**The data:**
*** Block opens ***

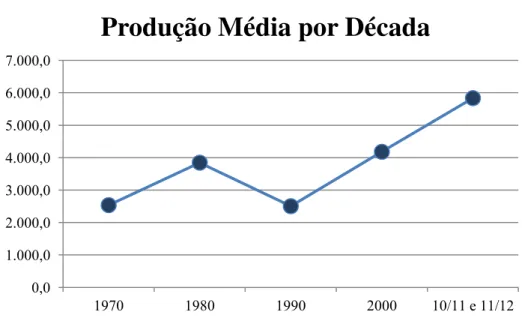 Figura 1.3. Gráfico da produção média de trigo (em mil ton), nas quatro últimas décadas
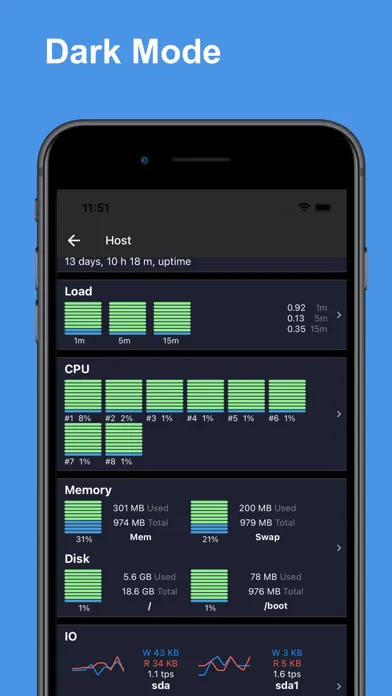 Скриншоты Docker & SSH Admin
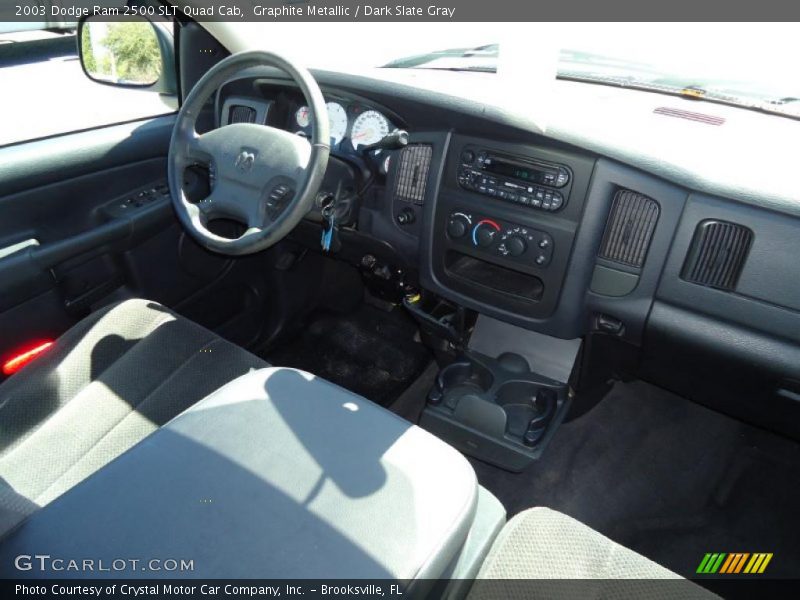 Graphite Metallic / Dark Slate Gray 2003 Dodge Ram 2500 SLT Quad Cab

*** Block closes ***

**Exercise details:**
The listing above must be given again exactly, minus its pictures.

**Result of the task:**
 Figura 1.3. Gráfico da produção média de trigo (em mil ton), nas quatro últimas décadas
 Скриншоты Docker & SSH Admin
 Graphite Metallic / Dark Slate Gray 2003 Dodge Ram 2500 SLT Quad Cab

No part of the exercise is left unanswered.